What you have to do:
Copy only those lines which run from the line containing "Men's Quartz Chronograph" to the end of the entries below, both inclusive, exactly as written and with no pictures.

*** Extracted material Section Begins ***

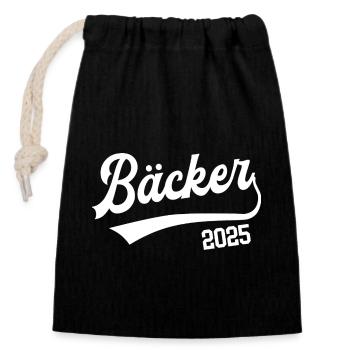 Bäcker 2025 Ausbildung Beruf Bäckerei Konditor - Verschließbarer Geschenkbeutel aus Baumwolle (14x20cm) - Schwarz - Vorne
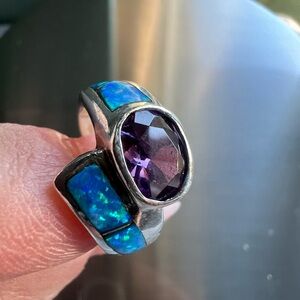 Elegant Amethyst and Blue Stone Sterling Silver Ring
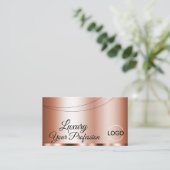 Stijlvol Roos Golden Glamoureus met Logo Modern Visitekaartje (Staand voorkant)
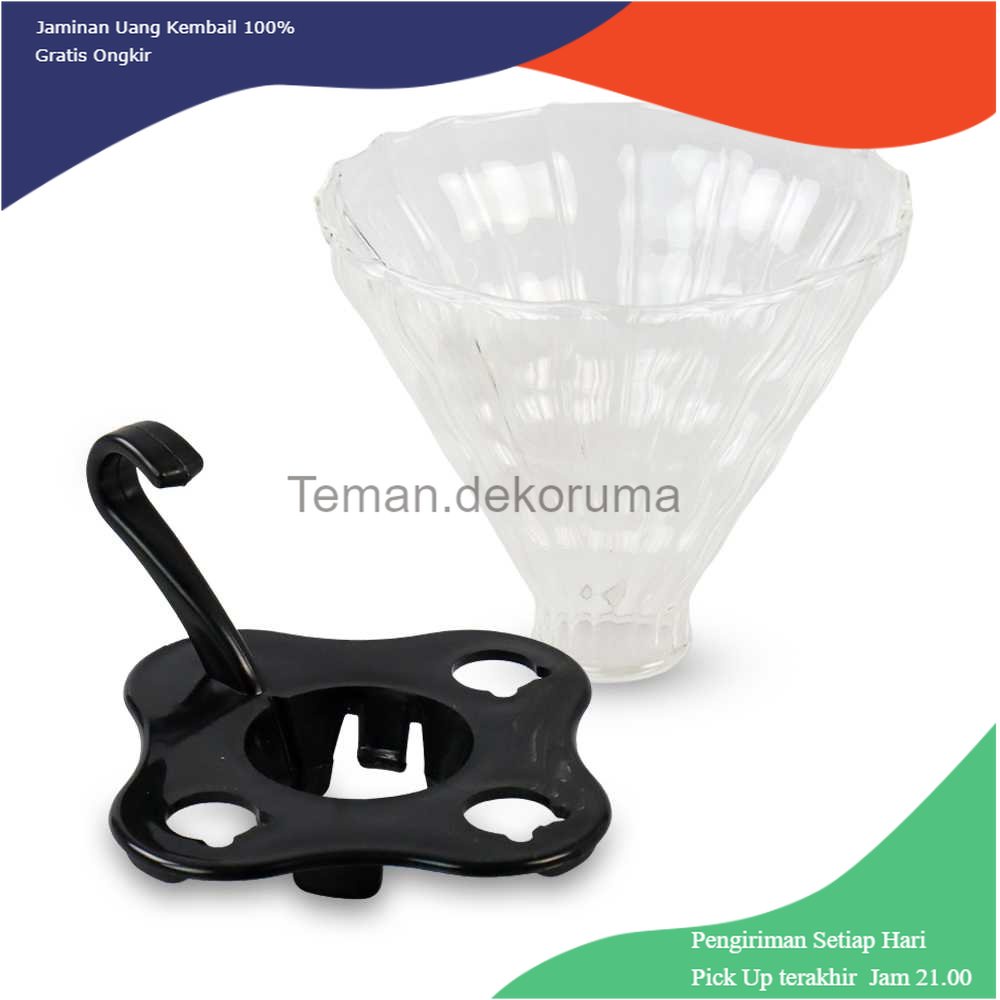 TD - DPR DUOLVQI Wadah Filter Kopi Kaca V60 Reusable Glass Coffee Dripper - SD-8106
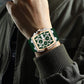 Men's Quartz Chronograph Silicone Watch – Silver & Rose Gold Case, Green Dial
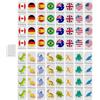 SVCEQZE Set di tessere Mahjong, set MAh Jongg | Set di puzzle Mahjong a blocchi,Design della bandiera nazionale di MAh Jong, 64 tessere Mahjong, set di giochi portatili per bambini e adulti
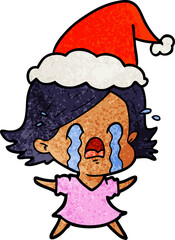 textured cartoon of a woman crying wearing santa hat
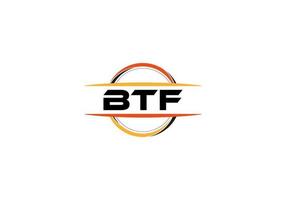 btf brief royalty Ovaal vorm logo. btf borstel kunst logo. btf logo voor een bedrijf, bedrijf, en reclame gebruiken. vector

*** Extracted material Section Ends ***

Exercise output:
 Men's Quartz Chronograph Silicone Watch – Silver & Rose Gold Case, Green Dial
 SVCEQZE Set di tessere Mahjong, set MAh Jongg | Set di puzzle Mahjong a blocchi,Design della bandiera nazionale di MAh Jong, 64 tessere Mahjong, set di giochi portatili per bambini e adulti
 textured cartoon of a woman crying wearing santa hat
 btf brief royalty Ovaal vorm logo. btf borstel kunst logo. btf logo voor een bedrijf, bedrijf, en reclame gebruiken. vector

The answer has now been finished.